2 years ago
Wed Aug 31, 2022 10:48pm PST
Ask HN: How to design database schema for usage based billing?
The service I am building is usage-based, i.e.

  * I am charging per second the service was used, e.g. USD 0.01/second
  * I would like to give credits upon sign-up.
  * There is no monthly minimum.
At the moment, I am thinking that I can achieve this with just a few tables:

  * `billing_account (id, billing_rate_id, running_balance)`
  * `billing_rate (id, rate)`
  * `account_credit (id, billing_account_id, timestamp, amount, function_execution_id)`
  * `account_debit (id, billing_account_id, timestamp, amount, source [platform_credit or stripe])`
When a user creates an account, I would create an entry in `billing_account` and associate whatever the current `billing_rate`. I would also create an `account_debit` entry with `source=platform_credit` and update `billing_account` `running_balance` value to reflect their balance after the `platform_credit`.

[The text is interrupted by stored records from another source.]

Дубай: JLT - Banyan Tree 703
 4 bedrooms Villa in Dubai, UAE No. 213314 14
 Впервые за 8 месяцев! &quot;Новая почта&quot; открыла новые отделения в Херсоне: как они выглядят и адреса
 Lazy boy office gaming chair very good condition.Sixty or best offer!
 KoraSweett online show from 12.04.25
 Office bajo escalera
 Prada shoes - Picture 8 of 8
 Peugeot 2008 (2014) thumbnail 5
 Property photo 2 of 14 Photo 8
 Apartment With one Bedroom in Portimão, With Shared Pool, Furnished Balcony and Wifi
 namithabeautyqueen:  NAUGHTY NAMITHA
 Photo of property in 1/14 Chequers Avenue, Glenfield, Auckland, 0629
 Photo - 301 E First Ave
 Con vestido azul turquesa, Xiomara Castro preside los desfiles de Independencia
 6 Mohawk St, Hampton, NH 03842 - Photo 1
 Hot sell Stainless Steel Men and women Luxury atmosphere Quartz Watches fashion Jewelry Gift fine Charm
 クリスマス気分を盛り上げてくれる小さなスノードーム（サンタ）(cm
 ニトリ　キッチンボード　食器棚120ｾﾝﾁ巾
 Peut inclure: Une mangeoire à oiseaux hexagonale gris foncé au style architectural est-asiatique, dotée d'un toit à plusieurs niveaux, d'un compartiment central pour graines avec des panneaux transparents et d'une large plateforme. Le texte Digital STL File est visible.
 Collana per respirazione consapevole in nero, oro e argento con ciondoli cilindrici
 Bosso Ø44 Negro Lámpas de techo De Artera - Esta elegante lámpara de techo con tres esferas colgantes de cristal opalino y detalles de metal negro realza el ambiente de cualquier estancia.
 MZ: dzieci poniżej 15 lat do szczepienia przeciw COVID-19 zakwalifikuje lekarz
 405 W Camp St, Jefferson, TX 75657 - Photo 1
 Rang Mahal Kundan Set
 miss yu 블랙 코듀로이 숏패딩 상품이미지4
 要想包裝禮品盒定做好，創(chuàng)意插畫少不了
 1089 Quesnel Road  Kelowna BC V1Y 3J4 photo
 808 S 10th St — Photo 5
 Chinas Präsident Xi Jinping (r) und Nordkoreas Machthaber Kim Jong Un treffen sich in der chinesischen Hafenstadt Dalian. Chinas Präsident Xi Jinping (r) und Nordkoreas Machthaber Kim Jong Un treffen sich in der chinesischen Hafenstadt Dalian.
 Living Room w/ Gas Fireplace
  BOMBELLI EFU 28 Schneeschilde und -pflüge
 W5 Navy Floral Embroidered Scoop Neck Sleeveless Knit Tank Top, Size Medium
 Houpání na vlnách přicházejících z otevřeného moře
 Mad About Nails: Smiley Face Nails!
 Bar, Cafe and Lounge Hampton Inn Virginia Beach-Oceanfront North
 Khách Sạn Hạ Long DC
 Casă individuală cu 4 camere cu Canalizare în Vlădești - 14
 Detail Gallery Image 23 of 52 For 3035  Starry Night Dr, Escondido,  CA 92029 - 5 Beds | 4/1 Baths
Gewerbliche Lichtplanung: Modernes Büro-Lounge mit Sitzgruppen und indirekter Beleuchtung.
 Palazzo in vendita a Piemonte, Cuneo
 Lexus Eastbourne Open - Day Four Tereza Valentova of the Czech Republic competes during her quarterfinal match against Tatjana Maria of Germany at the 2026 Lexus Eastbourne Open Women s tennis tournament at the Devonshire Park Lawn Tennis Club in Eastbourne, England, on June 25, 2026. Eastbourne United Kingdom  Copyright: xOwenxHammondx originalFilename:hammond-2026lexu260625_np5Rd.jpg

Then whenever they run a function that costs them, I create `account_credit` account with an entry equal to the amount they spent and update `billing_account` `running_balance` value.

When they top-up their account, I would just add entry to `account_debit` and update the balance again.

This appears to cover all my use cases, but I wanted to check with anyone who's designed such database schemas before.